OK, that’s good.

 

I have mostly seen routers default to 5745.  My nemesis Google WiFi definitely 
doesn’t not choose 5180.  Back when U-NII-1 and U-NII-2 were the indoor bands, 
of course the router manufacturers ignored that and went for the outdoor band.  
Like you’re really going to put a 20 dBi external antenna on your Linksys 
router or your laptop.

 

 

From: AF <[email protected]> On Behalf Of Mathew Howard
Sent: Thursday, July 4, 2019 9:45 AM
To: AnimalFarm Microwave Users Group <[email protected]>
Subject: Re: [AFMUG] do most customer devices support U-NII-1?

 

Yeah, 5ghz wasn't that common in consumer devices before the changes anyway, so 
pretty much everything should support UNII-1 just fine.
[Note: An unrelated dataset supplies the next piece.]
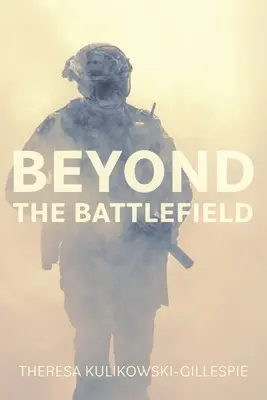 Oltre il campo di battaglia: Storie di tenacia e di guida consapevole lungo il sentiero del guerriero - Beyond the Battlefield: Stories of Tenacity and Mindful Guidance Along the Warrior's Path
I've noticed a lot of 
routers default to 5180mhz.

 

On Thu, Jul 4, 2019 at 8:57 AM Ken Hohhof <[email protected] 
<mailto:[email protected]> > wrote:

If we set a customer’s router to use the U-NII-1 sub-band (for example 5180 MHz 
Ceee), are there going to be devices that can’t connect?

 

I think U-NII-1 was always allowed by FCC, so it seems all devices should 
support it.  The change around 5 years ago was to allow higher xmt power or 
antenna gain or something?

 

And will there be a performance penalty compared to U-NII-3?  I know that’s not 
a simple question due to OOB emissions requirements and depends on hardware, 
but in general, will the performance be similar?  For example, on a Mikrotik 
hAP ac or 4011?  Not that Mikrotik is the poster boy for FCC 5 GHz support.